━━━ DATASET EXTRACT ━━━
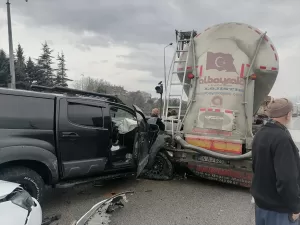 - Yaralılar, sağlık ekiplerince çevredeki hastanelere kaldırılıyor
━━━
━━━ DATASET EXTRACT ━━━
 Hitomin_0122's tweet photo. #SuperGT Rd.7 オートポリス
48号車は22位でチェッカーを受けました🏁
━━━
**WHAT TO DO:** The answer is the run of lines above from the line containing "Hitomin_0122's tweet photo." through the line containing "48号車は22位でチェッカーを受けました🏁", copied exactly and alone.

**OUTPUT OF THE EXERCISE:**
 Hitomin_0122's tweet photo. #SuperGT Rd.7 オートポリス
48号車は22位でチェッカーを受けました🏁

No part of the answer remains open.